| What you will do |
Pictures stay out of the output. Return exactly the lines below from the one with "Promocija novog trenera zvezde (9).jpg" down to the one with "दिल्ली की मुख्यमंत्री", both included, and nothing more.

| Records |
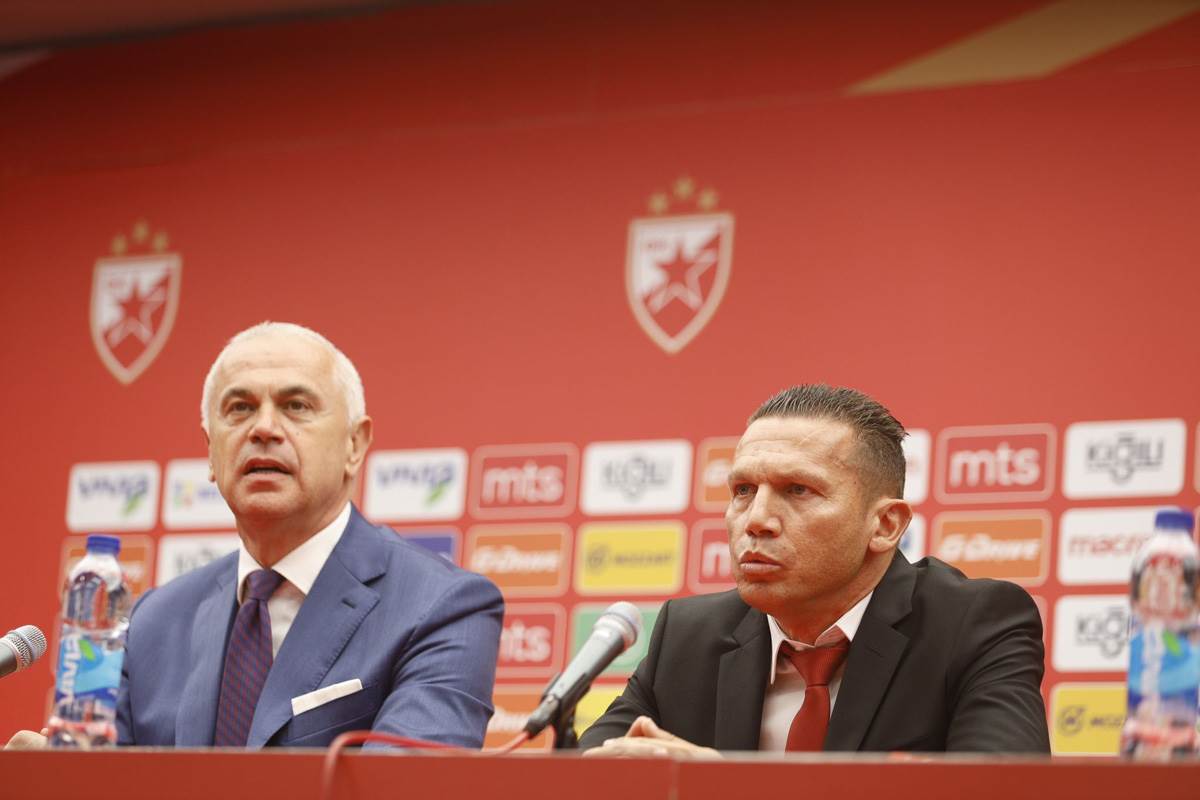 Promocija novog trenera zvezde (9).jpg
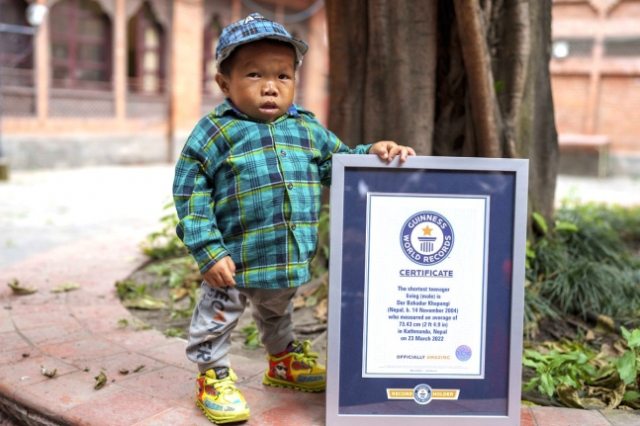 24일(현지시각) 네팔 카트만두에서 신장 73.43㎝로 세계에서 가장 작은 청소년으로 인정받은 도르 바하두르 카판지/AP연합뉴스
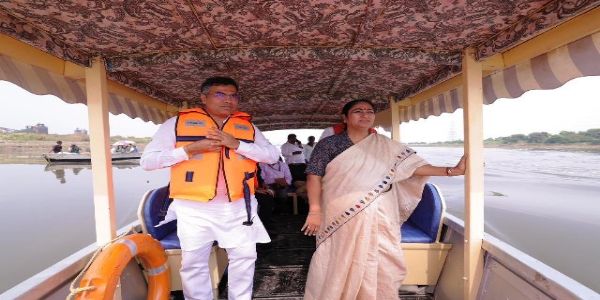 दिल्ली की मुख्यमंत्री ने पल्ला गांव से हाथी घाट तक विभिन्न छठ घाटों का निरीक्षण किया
---
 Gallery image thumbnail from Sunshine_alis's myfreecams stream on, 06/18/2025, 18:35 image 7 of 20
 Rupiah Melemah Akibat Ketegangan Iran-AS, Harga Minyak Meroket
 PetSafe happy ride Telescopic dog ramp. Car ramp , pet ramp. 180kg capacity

| Answer to the problem |
 Promocija novog trenera zvezde (9).jpg
 24일(현지시각) 네팔 카트만두에서 신장 73.43㎝로 세계에서 가장 작은 청소년으로 인정받은 도르 바하두르 카판지/AP연합뉴스
 दिल्ली की मुख्यमंत्री ने पल्ला गांव से हाथी घाट तक विभिन्न छठ घाटों का निरीक्षण किया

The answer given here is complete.